§ Dataset content:

- - - -

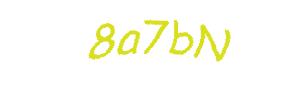 عبارت امنیتی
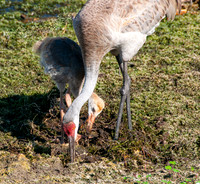 Sandhill Crane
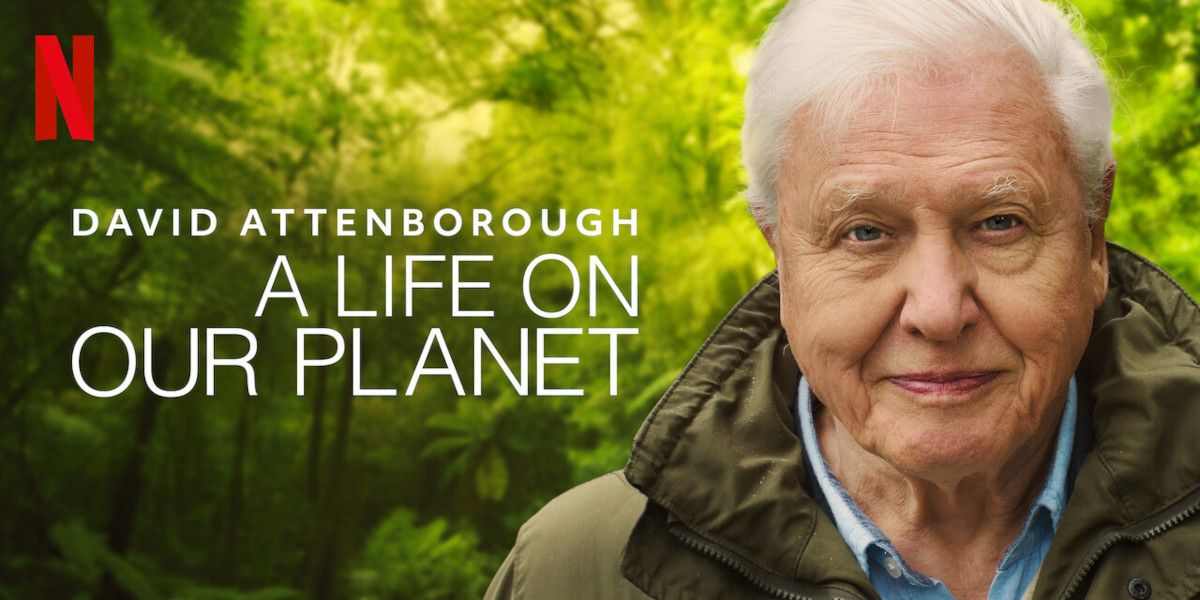 A Life On Our Planet David Attenborough Worksheet Tpt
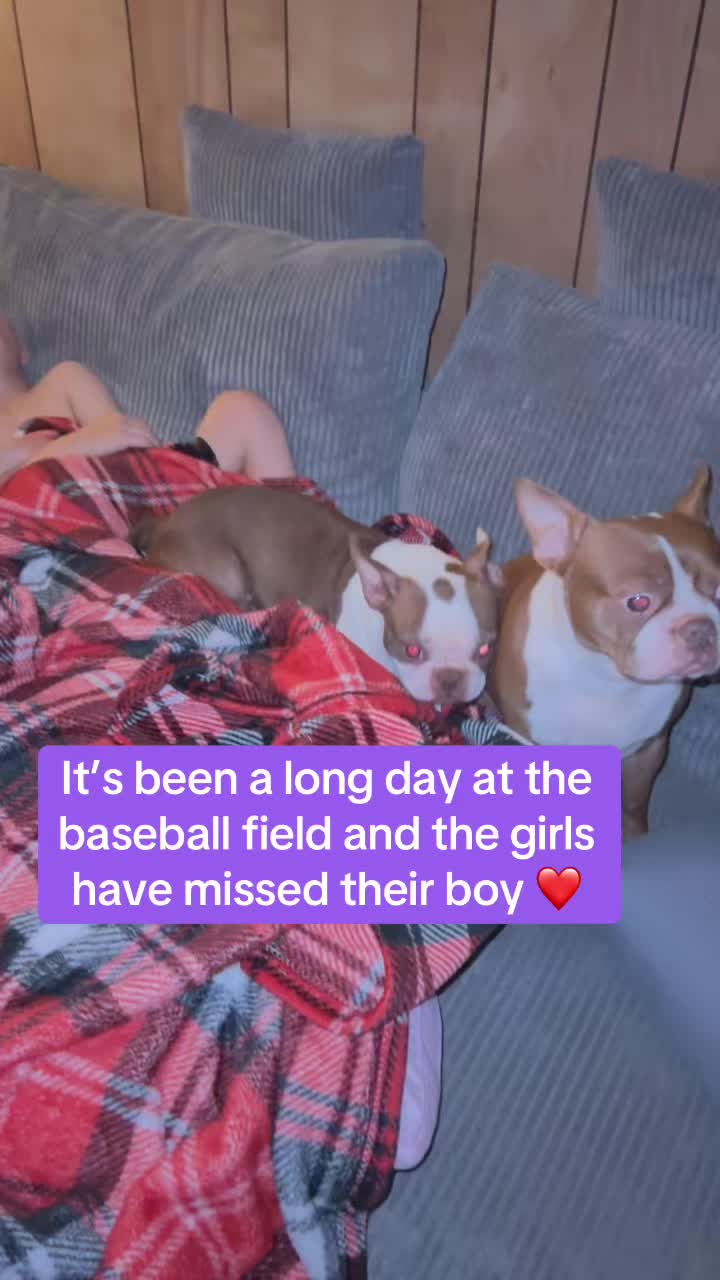 @SE Boston Terriers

- - - -

§ Action item:
Your answer must be an exact copy of the lines from the line with "A Life On Our" to the final line of the data, both ends included, and no pictures.

§ Reply to the task:
 A Life On Our Planet David Attenborough Worksheet Tpt
 @SE Boston Terriers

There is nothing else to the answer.